STUDY MATERIAL
•••••
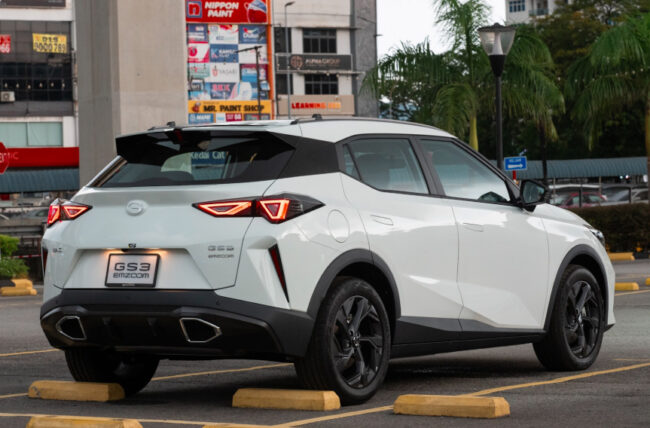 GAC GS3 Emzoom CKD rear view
•••••
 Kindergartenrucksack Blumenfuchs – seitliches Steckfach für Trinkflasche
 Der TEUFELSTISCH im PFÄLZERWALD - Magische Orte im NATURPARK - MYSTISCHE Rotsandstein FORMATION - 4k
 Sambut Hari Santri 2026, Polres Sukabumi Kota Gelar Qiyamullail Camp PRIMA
•••••
TASK STATEMENT
The response should be the listing above, limited to the lines between the one holding "Der TEUFELSTISCH im" and the one holding "Sambut Hari Santri", inclusive, reproduced exactly.

ANSWER TO THE PROBLEM
 Der TEUFELSTISCH im PFÄLZERWALD - Magische Orte im NATURPARK - MYSTISCHE Rotsandstein FORMATION - 4k
 Sambut Hari Santri 2026, Polres Sukabumi Kota Gelar Qiyamullail Camp PRIMA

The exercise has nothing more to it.